THE PROBLEM >>
Everything from the line holding "[upl. by Tshombe260]" to the last line of the material below must be retyped exactly, minus any pictures.

RECORDED INFORMATION >>
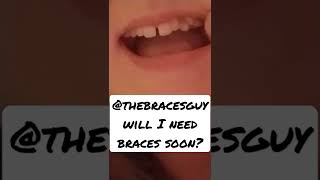 @TheBracesGuy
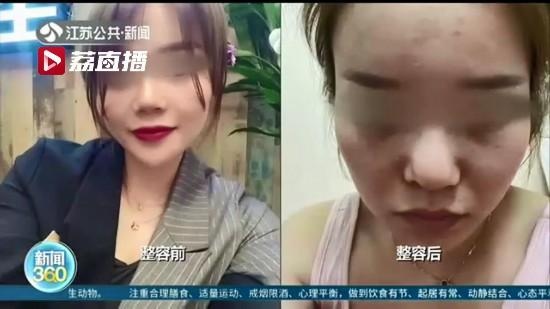 女子在南京韩辰整形医院花了两万多整形后鼻子歪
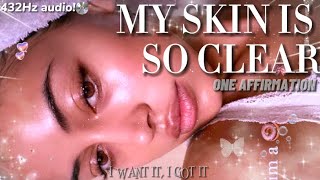 432Hz  My skin is so clear ONE AFFIRMATION [upl. by Tshombe260]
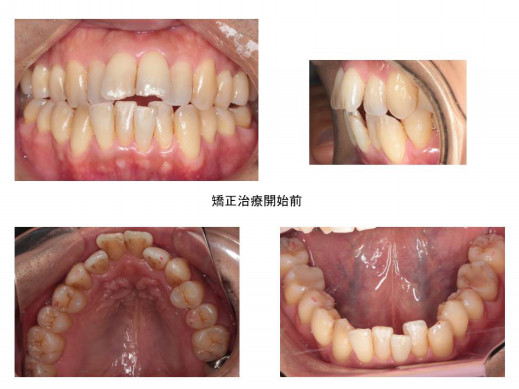 調布柴崎歯科クリニック 症例集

EXPECTED ANSWER >>
 432Hz  My skin is so clear ONE AFFIRMATION [upl. by Tshombe260]
 調布柴崎歯科クリニック 症例集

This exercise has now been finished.